**Provided data**
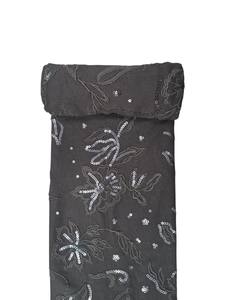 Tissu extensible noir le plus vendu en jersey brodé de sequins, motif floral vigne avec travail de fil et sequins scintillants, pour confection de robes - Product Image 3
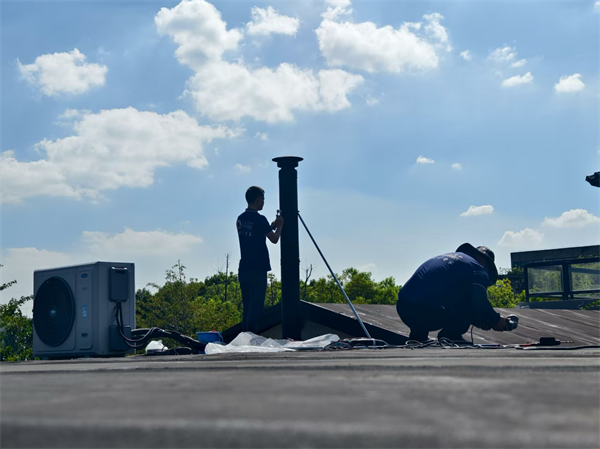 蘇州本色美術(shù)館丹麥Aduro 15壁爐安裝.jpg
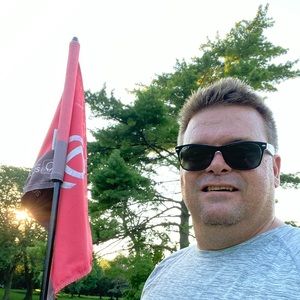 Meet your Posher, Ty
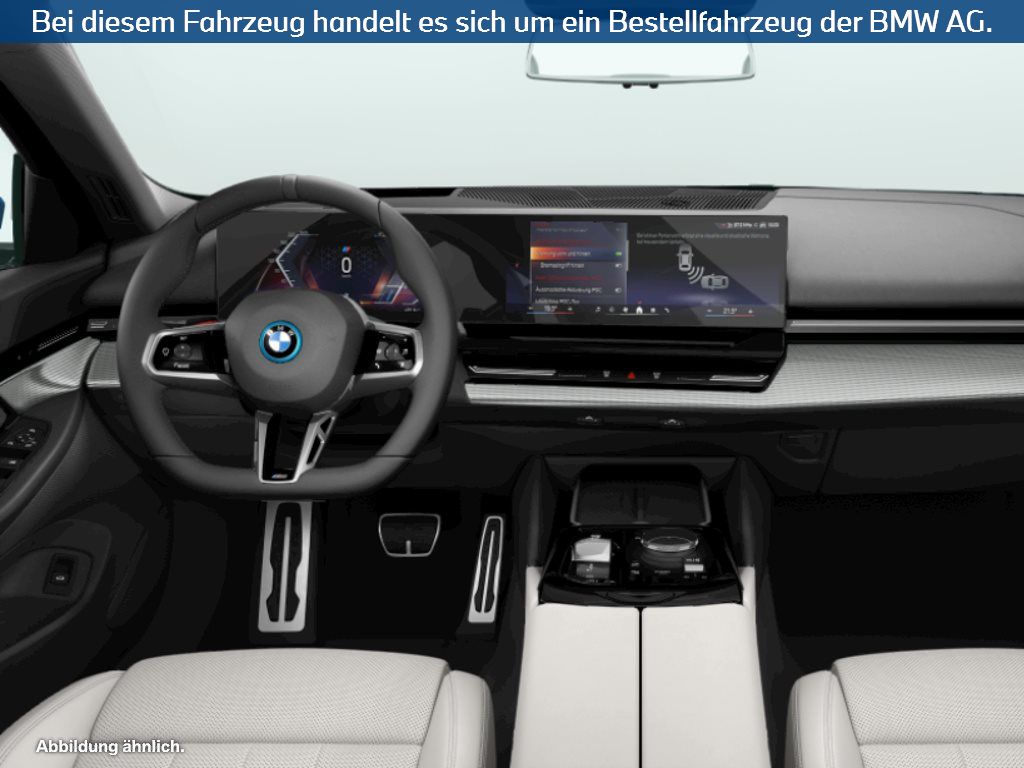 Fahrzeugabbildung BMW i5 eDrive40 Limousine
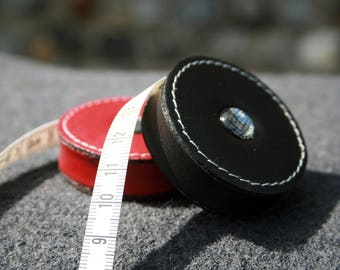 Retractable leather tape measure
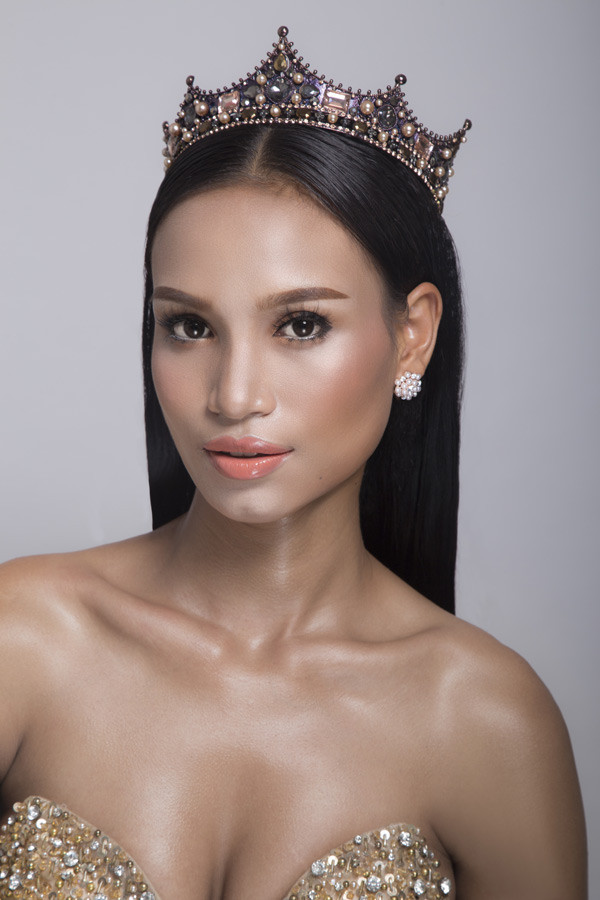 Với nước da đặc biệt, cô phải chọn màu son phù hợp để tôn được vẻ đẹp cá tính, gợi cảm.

**About this exercise**
In your answer, copy exactly the lines running from the line with "Meet your Posher, Ty" to the end of the material above, both included, and omit all pictures.

**Exercise result**
 Meet your Posher, Ty
 Fahrzeugabbildung BMW i5 eDrive40 Limousine
 Retractable leather tape measure
 Với nước da đặc biệt, cô phải chọn màu son phù hợp để tôn được vẻ đẹp cá tính, gợi cảm.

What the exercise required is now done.